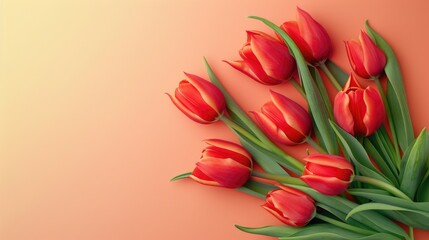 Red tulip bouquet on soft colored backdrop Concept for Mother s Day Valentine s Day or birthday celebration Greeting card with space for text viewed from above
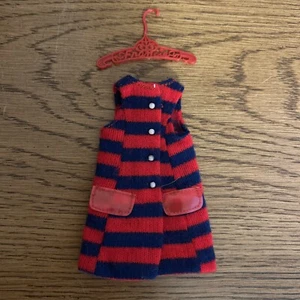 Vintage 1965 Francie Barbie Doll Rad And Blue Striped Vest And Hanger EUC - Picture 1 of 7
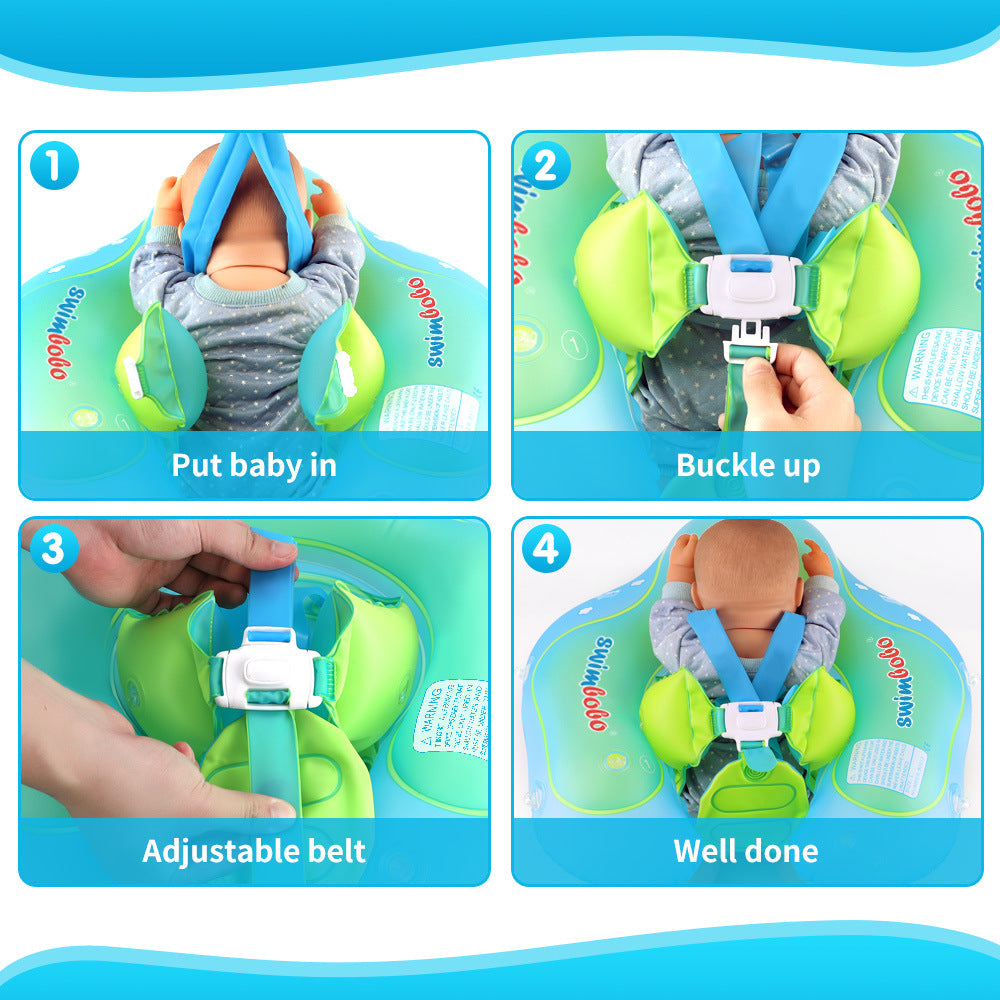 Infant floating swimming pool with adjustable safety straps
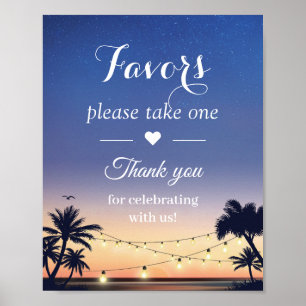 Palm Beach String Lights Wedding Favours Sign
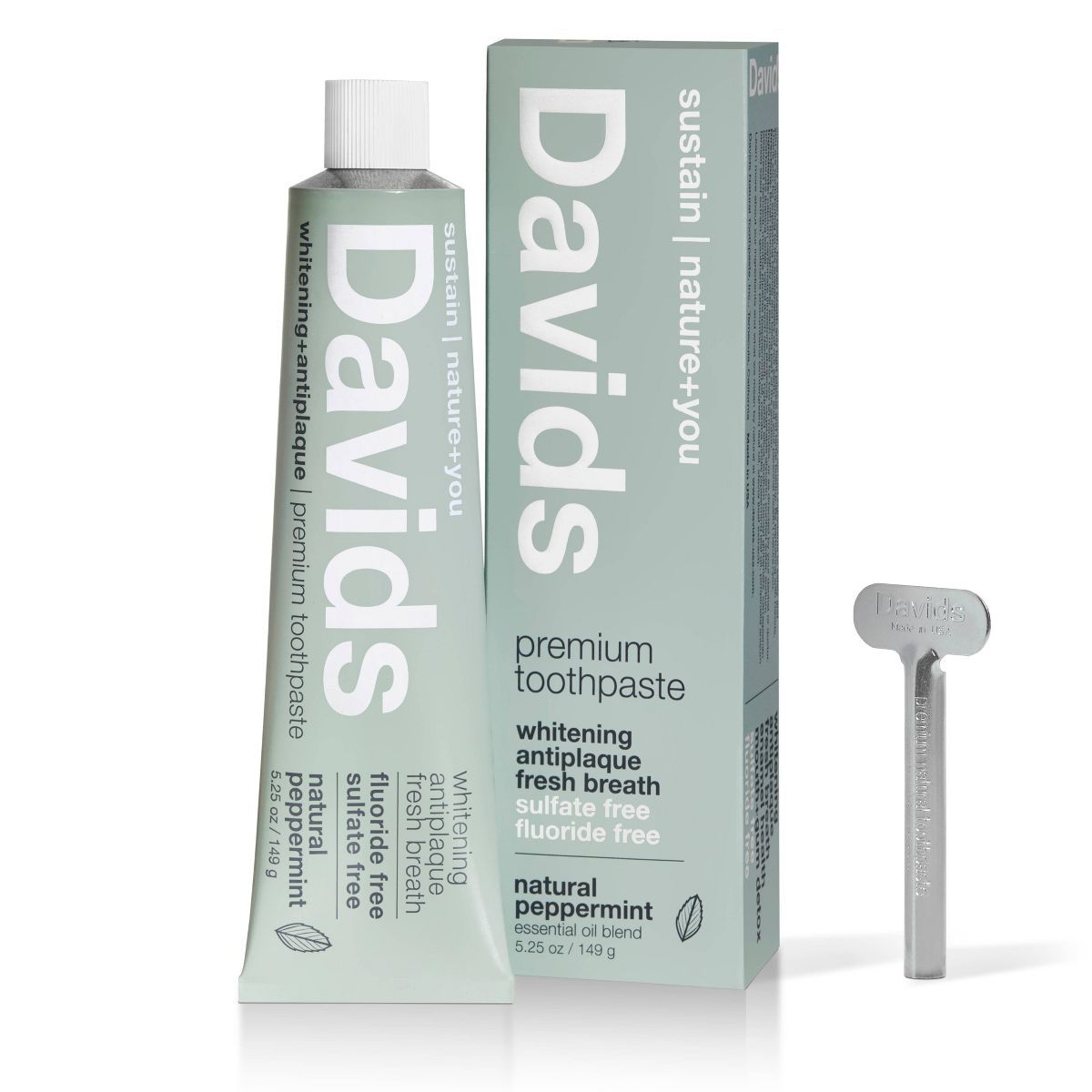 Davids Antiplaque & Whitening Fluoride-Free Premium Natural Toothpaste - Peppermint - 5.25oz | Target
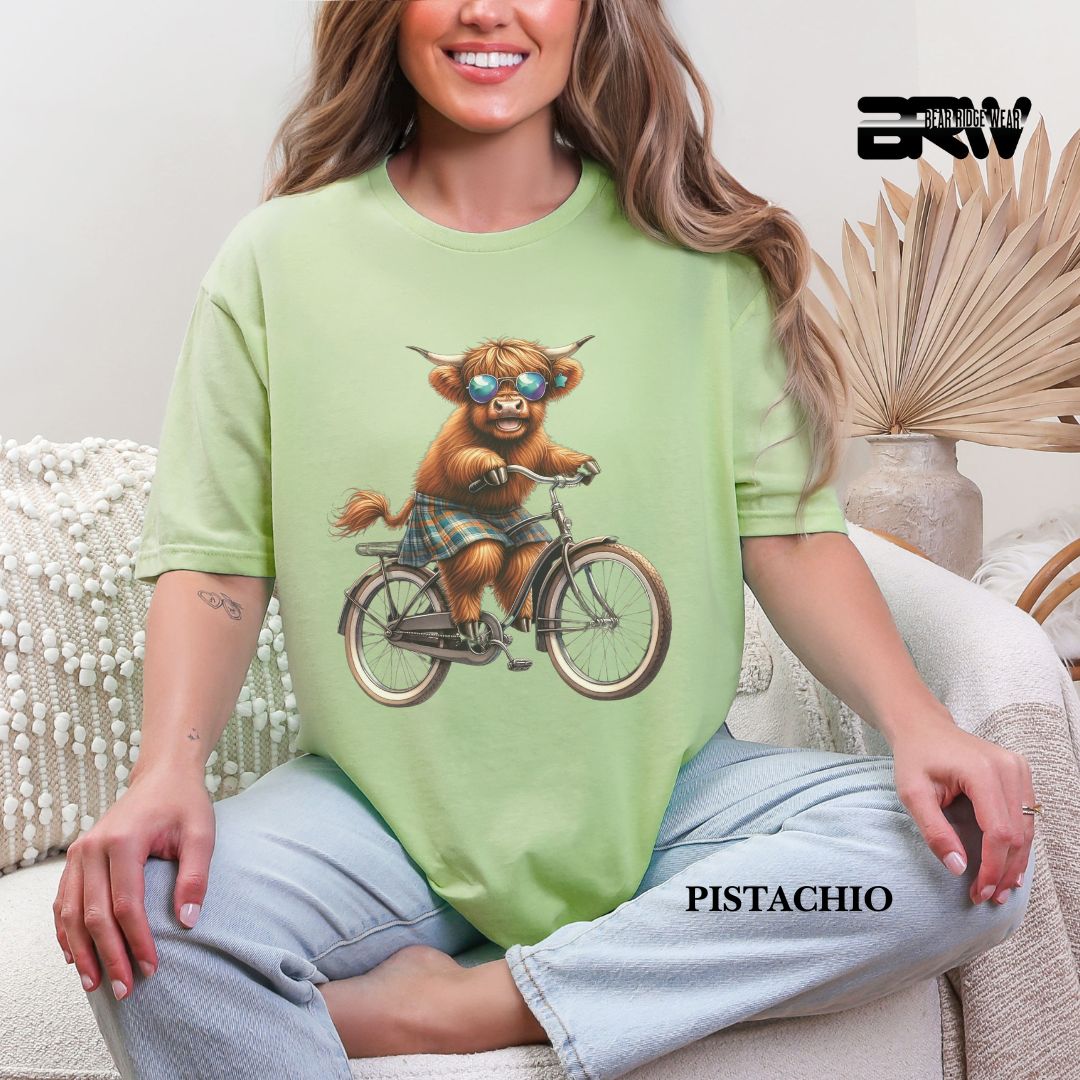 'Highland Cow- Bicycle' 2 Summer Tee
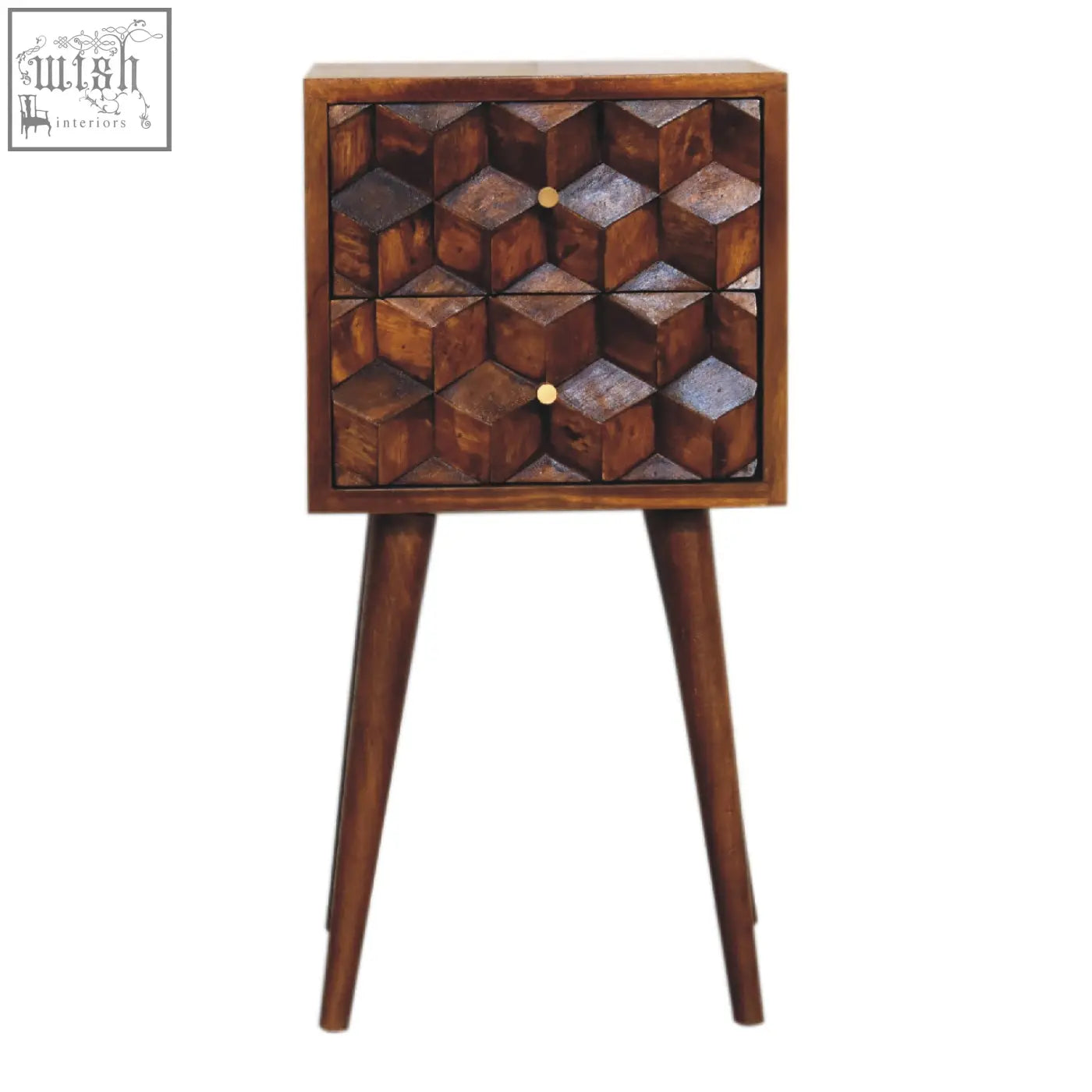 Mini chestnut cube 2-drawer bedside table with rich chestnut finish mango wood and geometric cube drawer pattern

ASSIGNMENT: Copy each line of the records precisely and drop any images they hold.

OUTPUT FOR THIS EXERCISE:
 Red tulip bouquet on soft colored backdrop Concept for Mother s Day Valentine s Day or birthday celebration Greeting card with space for text viewed from above
 Vintage 1965 Francie Barbie Doll Rad And Blue Striped Vest And Hanger EUC - Picture 1 of 7
 Infant floating swimming pool with adjustable safety straps
 Palm Beach String Lights Wedding Favours Sign
 Davids Antiplaque & Whitening Fluoride-Free Premium Natural Toothpaste - Peppermint - 5.25oz | Target
 'Highland Cow- Bicycle' 2 Summer Tee
 Mini chestnut cube 2-drawer bedside table with rich chestnut finish mango wood and geometric cube drawer pattern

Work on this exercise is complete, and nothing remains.